When I came to this country 15 years ago, Seattle Coffee Company was just making its mark on the high street. Now I can’t walk a block from my flat without passing three coffee shops. We enjoy a quick shot of pick-me-up and we love to keep up with the pace of our hyperactive times so we can take it all in wide-eyed and eager.
While we are encouraged to curb our consumerism and think responsibly about what we buy and how we dispose of it, we’re not all that good at heeding this advice. So to assuage our guilt, our homes and high streets are adorned with little recycling units, formerly known as ‘bins’, with failsafe instructions for what goes in where – so that we can carry on buying things we don’t need and feel guilt-free about the way we get rid of the bits we don’t consume.
Ryanair gives us access to escape, on the cheap, but smacks our wrist for doing it lest we get too haughty. FitFlops give us a firm behind, coaxing us to get up from our screens for a few hours a day and feel good about walking. You can buy your cornflakes in a little throwaway pot just in case you can’t take 10 minutes to down a bowl at your kitchen table. The cosmetics brand Benefit packages handbag friendly make-over kits in boxes styled like self-help books, irreverently paying homage to our appearance neuroses.
To write this piece, I’ve looked close to home, seeing through my London eyes – elsewhere the picture may look different, or worse. Coming from someone who loves to turn the handle of the design mill, this chapter may feel like a peculiar rant. I’ve framed it this way to make my point clear: design plays an increasingly important role in transforming the face of our world, so that we can live in it more comfortably and peak with good feelings when the under-sway of negativity is so frighteningly strong.
Dealing with the bigger problem
We as a design community are very skilled at creating a seductive aesthetic that makes life look good. With every brief we receive, I encourage us all to ask: what is the bigger problem we’re designing for here? Is there anything, no matter how small, that we can do to start shifting this problem? Often we can introduce a sustainable angle to a brief we receive or write. A change in substrate or footprint of a pack is a small incremental change that can have a big impact. When approached with an innovative brief, a broad-sweeping reappraisal of the business model could create sea change, as we witnessed with Zipcar and Lovefilm. We can look for ways to reward and give back, to create community, to be generous with our talent so the world is supported more responsibly by the things we populate it with.
At Dragon Rouge we ‘Create Generously’ on the premise that small gestures have the power to make big differences and we apply this to everything we do. For instance, we could have given important client feedback recently with the usual death-by-PowerPoint presentation, but instead we created a multimedia art installation to bring that feedback to life and ignite our client’s creativity and insight.

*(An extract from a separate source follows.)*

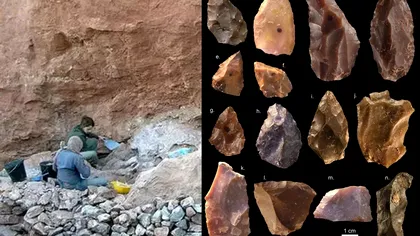 Cele mai vechi oase umane. Unde au fost descoperite și ce detalii au ieșit la iveală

In the design community, beyond being slaves to our expertise in communicating visually and verbally, we should all start thinking about the small things we can do that will make a big difference on human, social, ethical, economic and ecological scales. Scientists haven’t yet designed a cure for AIDS, but they’ve gone a long way to prolonging life expectancy for those living with HIV. For the afflicted this is a gift horse never to be frowned at.
We’re not saving lives here. But we could be saving life.